I know that quote....

From a pure scientific view (according to academic standards) if it aint repeatable by your piers it is invalid.

Yes science has developed, but science has also changed and questioned itself in order to become more accurate to be undeniable proof. In academic circles tests have to be repeatable and every measurement taken, this forms part of your methodology, data capturing, interpretation of that data and conclusion. Or else it is null and void. I know of a fellow student when I did my research that almost lost his degree because his methodology was not "clear enough on what is measured"

Science is far more complicated then just discovery and learning these days, same with engineering, geology, philosophy. All academic fields are changing constantly.
 
Well you're obviously just referring to one particular video.
Yes, the one video that I've specifically referred to a few times, and referred to by others. I watch that video and all I can say is "well, no wonder it broke".
I am referring to destruction testing in general. And besides one particular method of extreme abuse is as good any if we are to be relevant to what we are discussing here. ;)
Admittedly, knife destruction tests aren't exactly every-day-viewing for me, but if they're as unscientific as noss4's (or Cliff Stamp's), I doubt I'd be any less unconvinced. I'll grant that other people might find them more fascinating than I do, but for my own purposes, they're little more than arbitrary pissing contests.
 
I know that quote....

From a pure scientific view (according to academic standards) if it aint repeatable by your piers it is invalid.
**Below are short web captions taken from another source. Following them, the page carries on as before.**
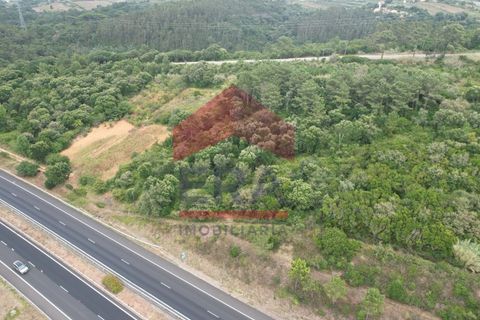 Helårsgrund i Obidos, Leiria, Obidos - € 30.000 | Ref: 150240205 - foto 6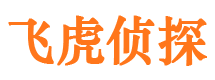 兴和侦探公司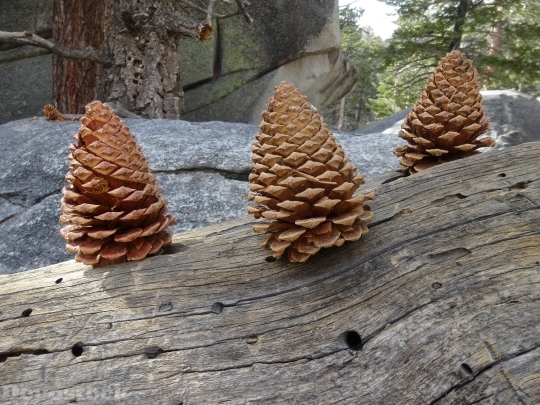 Devostock Pine Cone Nature Chritmas 4K
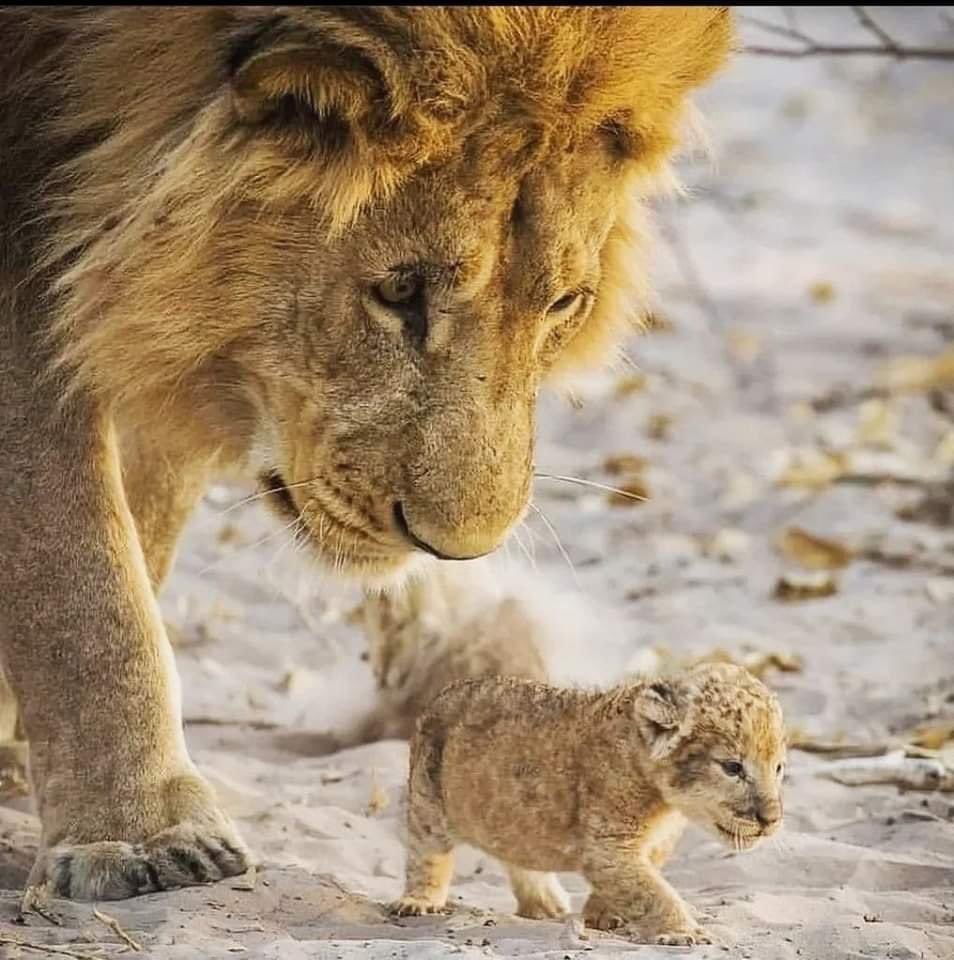 Siempre juntos..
Yes science has developed, but science has also changed and questioned itself in order to become more accurate to be undeniable proof. In academic circles tests have to be repeatable and every measurement taken, this forms part of your methodology, data capturing, interpretation of that data and conclusion. Or else it is null and void. I know of a fellow student when I did my research that almost lost his degree because his methodology was not "clear enough on what is measured"
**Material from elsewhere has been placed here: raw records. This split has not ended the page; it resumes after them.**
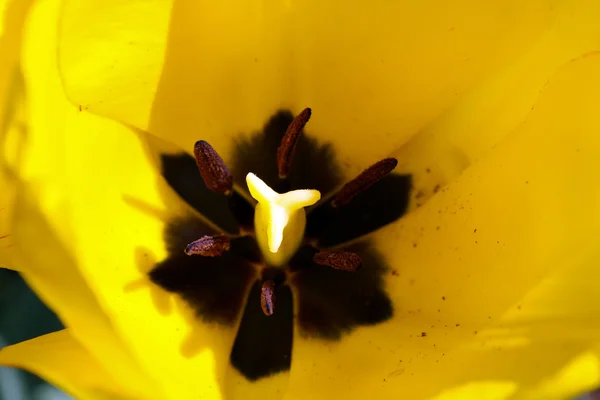 stock image Closeup scene with yellow tulip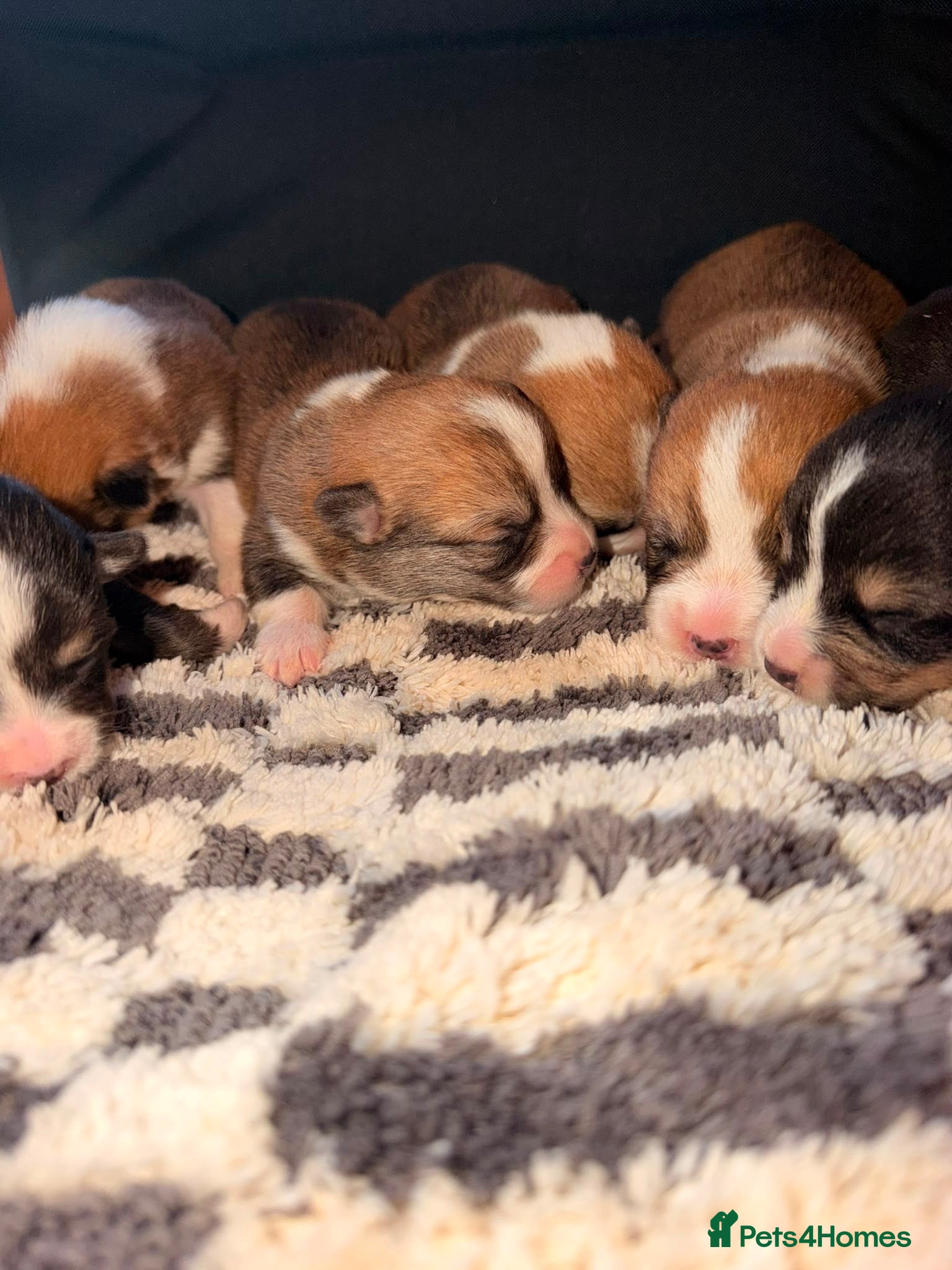 Welsh Corgi Pembroke dogs Kc pembroke corgi puppies - Advert 6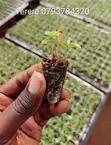 Vegetable Seedlings for Sale - Ruiru - 3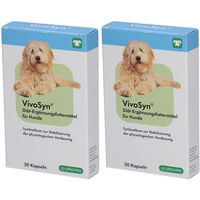 Produktbild von cp-pharma VivoSyn Probiotika Kapseln für die Magen-Darm-Gesundheit 16,2 g
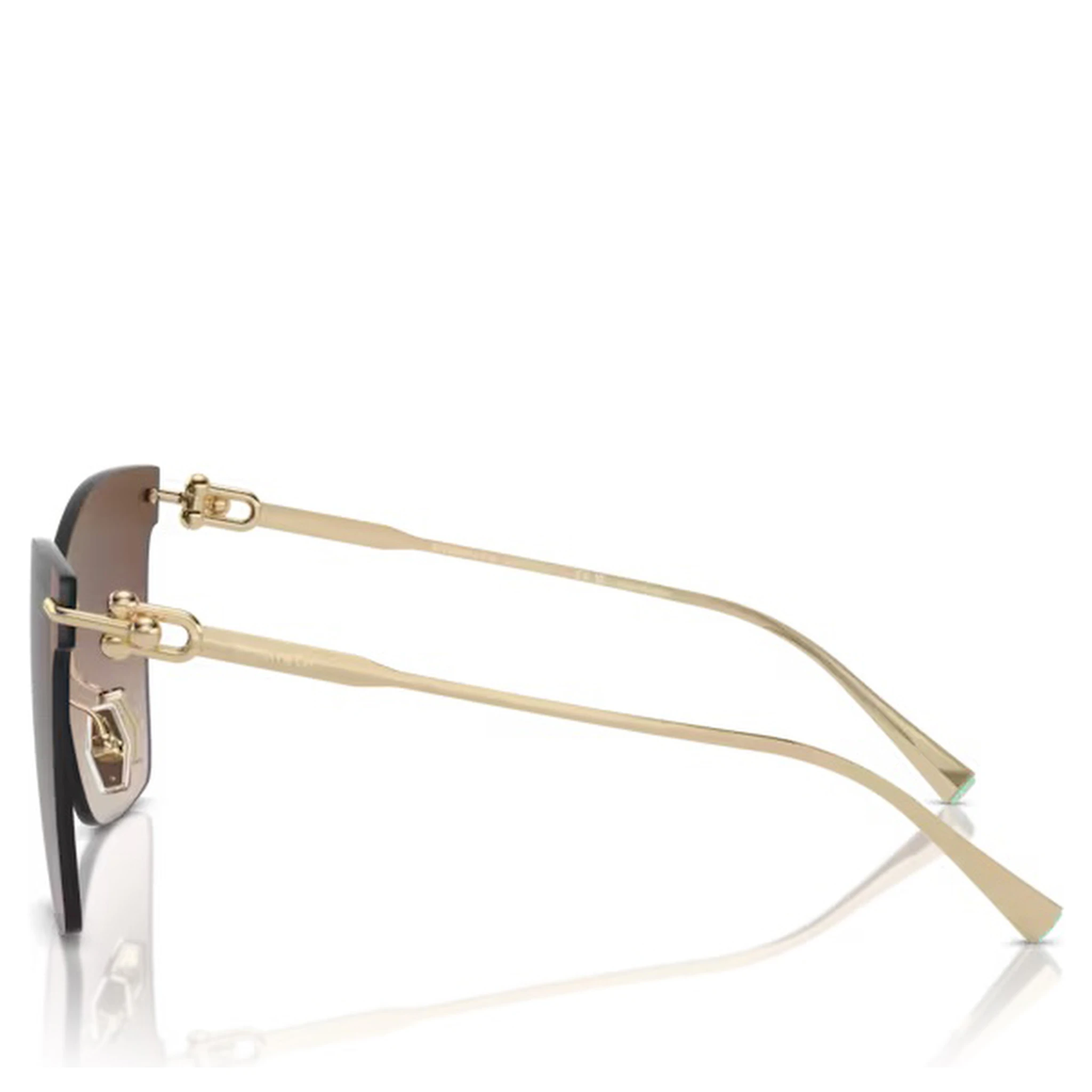 TIFFANY & CO. Sunglasses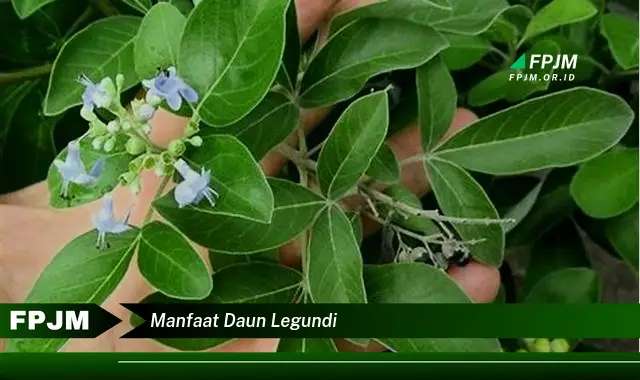 manfaat daun legundi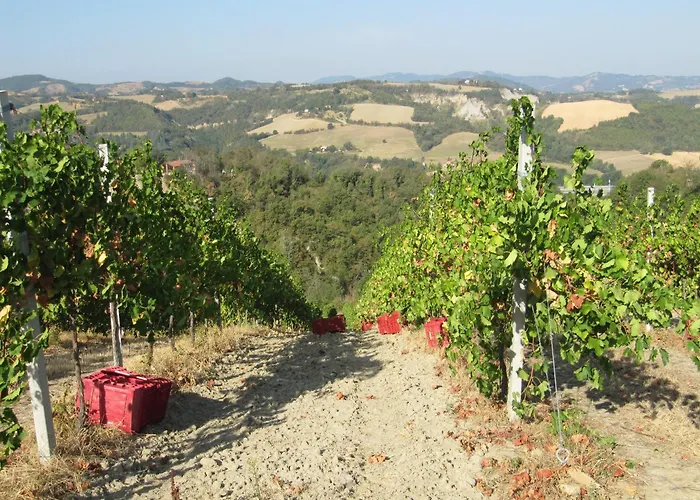 Podere Riosto Cantina&agriturismo Çiftlik konaklama *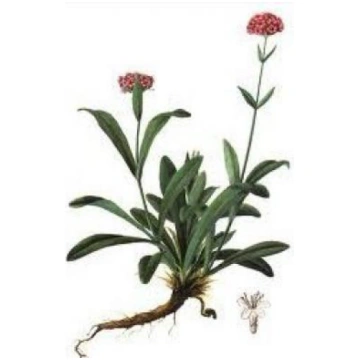 Narde/ Spikenards (Nardostachys jatamansi) BIO ēte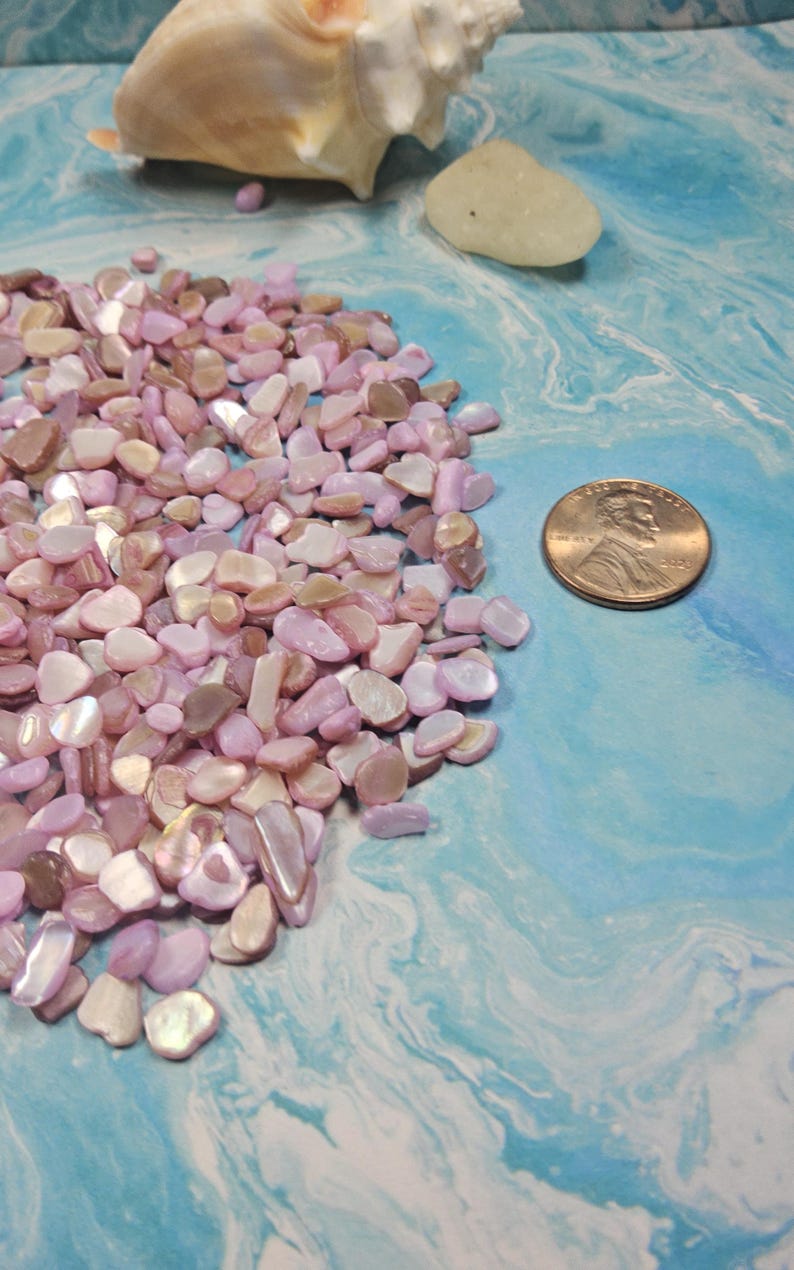 Chip Chip Shell Colorful Shell Pearl Chips: DIY Jewelry Crafts (3-5mm) - Etsy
Science is far more complicated then just discovery and learning these days, same with engineering, geology, philosophy. All academic fields are changing constantly.
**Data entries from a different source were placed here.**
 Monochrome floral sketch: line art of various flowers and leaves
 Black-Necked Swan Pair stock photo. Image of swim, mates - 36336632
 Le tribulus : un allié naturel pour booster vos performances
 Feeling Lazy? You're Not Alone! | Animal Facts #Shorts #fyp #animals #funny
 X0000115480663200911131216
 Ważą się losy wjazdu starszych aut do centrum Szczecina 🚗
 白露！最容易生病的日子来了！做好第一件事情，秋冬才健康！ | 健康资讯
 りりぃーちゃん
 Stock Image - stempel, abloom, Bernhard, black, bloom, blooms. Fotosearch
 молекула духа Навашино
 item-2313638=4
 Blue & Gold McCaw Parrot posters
Ok then, let's not be scientific. Let's be use common sense. If a knife(say a battle mistress) can only be broken by being clamped in a vise and bent with a cheater bar, then it would probably not be a strain on common sense to assume that another battle mistress would be around as strong as that. It can be much weaker(unless it's defective) that it can stand prying apart a particle board from a frame since it only needs your brain to see that the second task is much less abusive than the first.
 
Yes, the one video that I've specifically referred to a few times, and referred to by others. I watch that video and all I can say is "well, no wonder it broke".
Admittedly, knife destruction tests aren't exactly every-day-viewing for me, but if they're as unscientific as noss4's (or Cliff Stamp's), I doubt I'd be any less unconvinced. I'll grant that other people might find them more fascinating than I do, but for my own purposes, they're little more than arbitrary pissing contests.

Oh so you can use google too? It's just you guys who came out swinging against a test being "unscientific". In spite of that you can probably tell that one beating is less of a beating just buy looking at it. Or can't you?

Do you need to the latest scientific instruments to make the assumption that a similar knife won't break by battoning a small branch because we saw one that needed a vise and a cheater bar to break?